The presumption of innocence is a legal doctrine that applies at trial. Jurors are supposed to presume that the person before them who has been charged with a crime is not guilty. It is up to the prosecutor to rebut this presumption. It's easy to think of this way: We presume a person is innocent until the prosecutor proves otherwise.
In a recent statement, Duke President Richard Brodhead said that his handling of the Duke lacrosse scandal has been guided by this principle: "[O]ur students had to be presumed innocent until proven guilty through the legal process." Did Richard Brodhead presume the Duke lacrosse players were innocent?
When the students were charged with rape, he immediately prohibited them from returning to Duke. He cancelled their entire team's lacrosse season. He fired their coach. Is punishment before conviction consistent with the presumption of innocence?
Several months later, after substantial evidence showed the players were almost certainly innocent, Brodhead (through an intermediary) invited the students to return to campus.

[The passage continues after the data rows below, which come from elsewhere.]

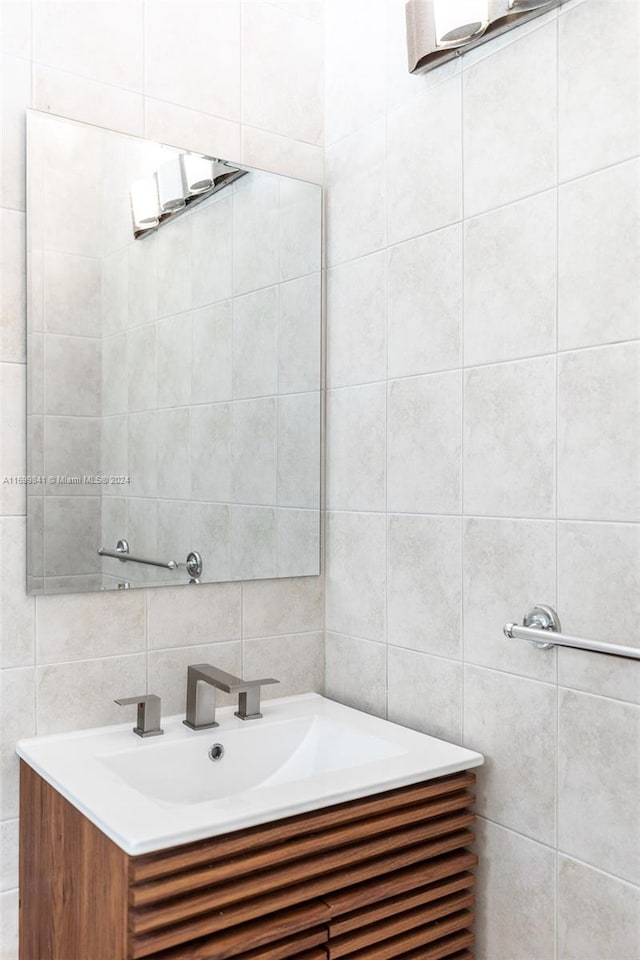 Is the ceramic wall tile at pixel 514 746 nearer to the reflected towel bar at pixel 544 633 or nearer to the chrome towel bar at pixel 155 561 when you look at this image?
the reflected towel bar at pixel 544 633

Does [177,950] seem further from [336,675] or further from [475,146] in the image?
[475,146]

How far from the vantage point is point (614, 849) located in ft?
4.15

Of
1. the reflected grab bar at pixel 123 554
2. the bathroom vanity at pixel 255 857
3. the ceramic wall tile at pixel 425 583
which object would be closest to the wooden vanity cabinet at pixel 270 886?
the bathroom vanity at pixel 255 857

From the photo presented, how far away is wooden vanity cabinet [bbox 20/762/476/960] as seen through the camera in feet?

How is punishing someone before they are convicted consistent with a respect for the presumption of innocence? How is lifting that punishment only after substantial evidence of innocence is revealed consistent with a respect for the presumption of innocence?
Brodhead presumed the students guilty. It was only afer the students proved their innocence that he lifted their punishment.
The disconnect between Brodhead's words and deeds are striking. The only question now remaining is whether Brodhead is a liar, or whether he simply lacks a first-grader's understanding of the presumption of innocence.